21st November, 1867.—­The River Lunde was five miles from Chungu.  It is six yards wide where we crossed it, but larger further down; springs were oozing out of its bed:  we then entered on a broad plain, covered with bush, the trees being all cleared off in building a village.  When one Casembe dies, the man who succeeds him invariably removes and builds his pembwe, or court, at another place:  when Dr.
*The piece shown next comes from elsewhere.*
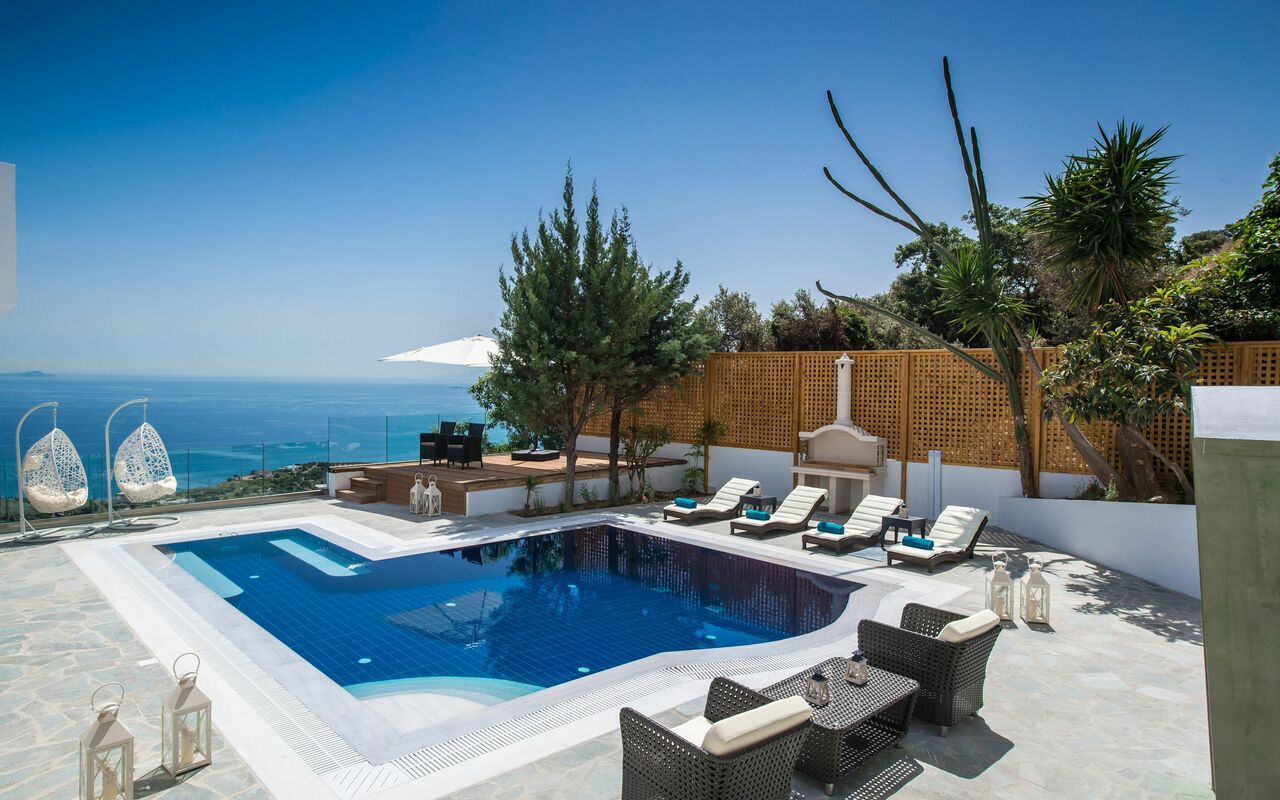 Villa Artemis: zwembad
Lacerda died, the Casembe moved to near the north end of the Mofwe.  There have been seven Casembes in all.  The word means a general.
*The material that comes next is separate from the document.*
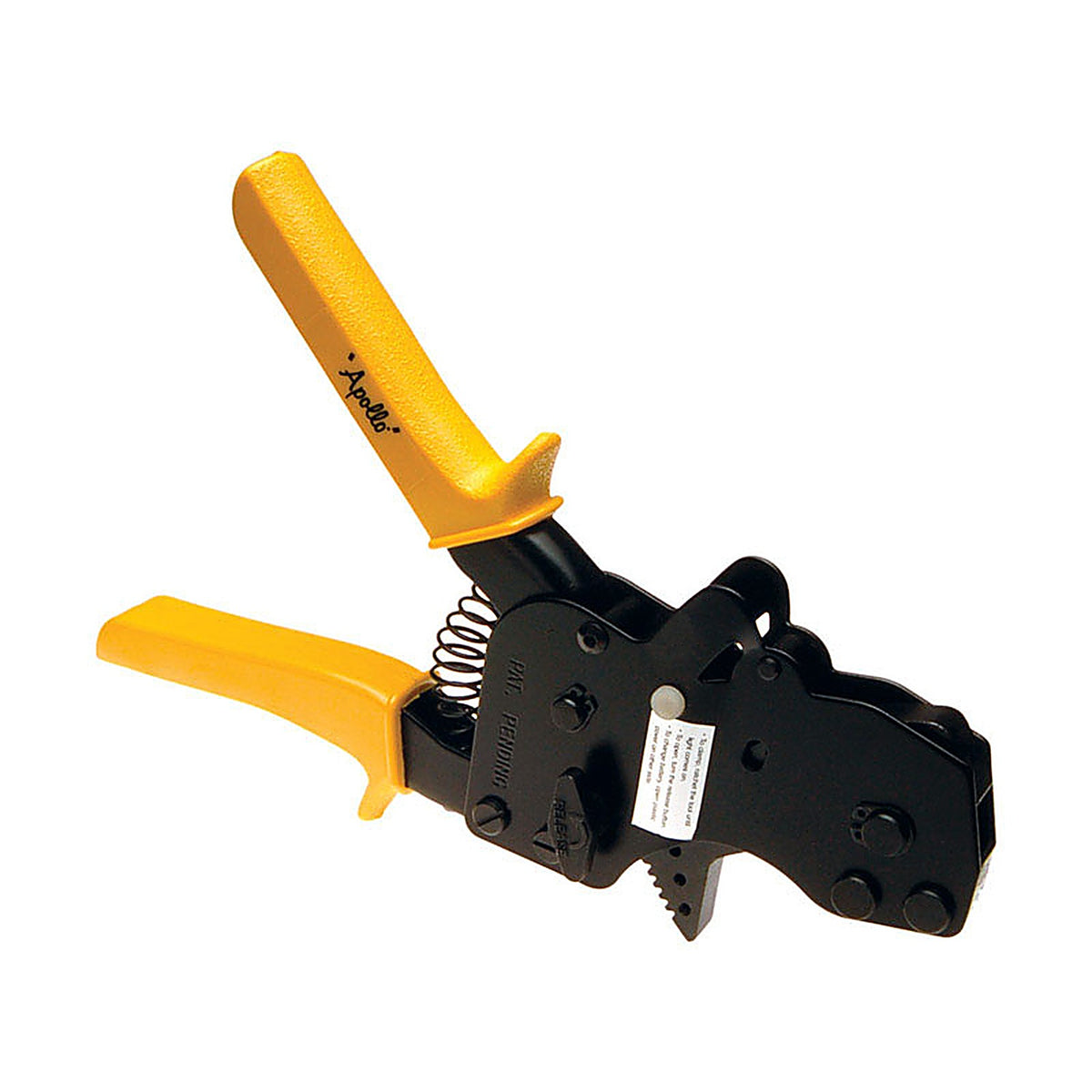 Apollo - 69PTBJ0010C - 1 in. Crimping Tool Black/Yellow 1 pc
The plain extending from the Lunde to the town of Casembe is level, and studded pretty thickly with red anthills, from 15 to 20 feet high.  Casembe has made a broad path from his town to the Lunde, about a mile-and-a-half long, and as broad as a carriage-path.  The chief’s residence is enclosed in a wall of reeds, 8 or 9 feet high, and 300 yards square, the gateway is ornamented with about sixty human skulls; a shed stands in the middle of the road before we come to the gate, with a cannon dressed in gaudy cloths.  A number of noisy fellows stopped our party, and demanded tribute for the cannon; I burst through them, and the rest followed without giving anything:  they were afraid of the English.  The town is on the east bank of the Lakelet Mofwe, and one mile from its northern end.  Mohamad bin Saleh now met us, his men firing guns of welcome; he conducted us to his shed of reception, and then gave us a hut till we could build one of our own.  Mohamad is a fine portly black Arab, with a pleasant smile, and pure white beard, and has been more than ten years in these parts, and lived with four Casembes:  he has considerable influence here, and also on Tanganyika.

An Arab trader, Mohamad Bogharib, who arrived seven days before us with an immense number of slaves, presented a meal of vermicelli, oil, and honey, also cassava meal cooked, so as to resemble a sweet meat (I had not tasted honey or sugar since we left Lake Nyassa, in September 1866):  they had coffee too.

Neither goats, sheep, nor cattle thrive here, so the people are confined to fowls and fish.  Cassava is very extensively cultivated, indeed, so generally is this plant grown, that it is impossible to know which is town and which is country:  every hut has a plantation around it, in which is grown cassava, Holcus sorghum, maize, beans, nuts.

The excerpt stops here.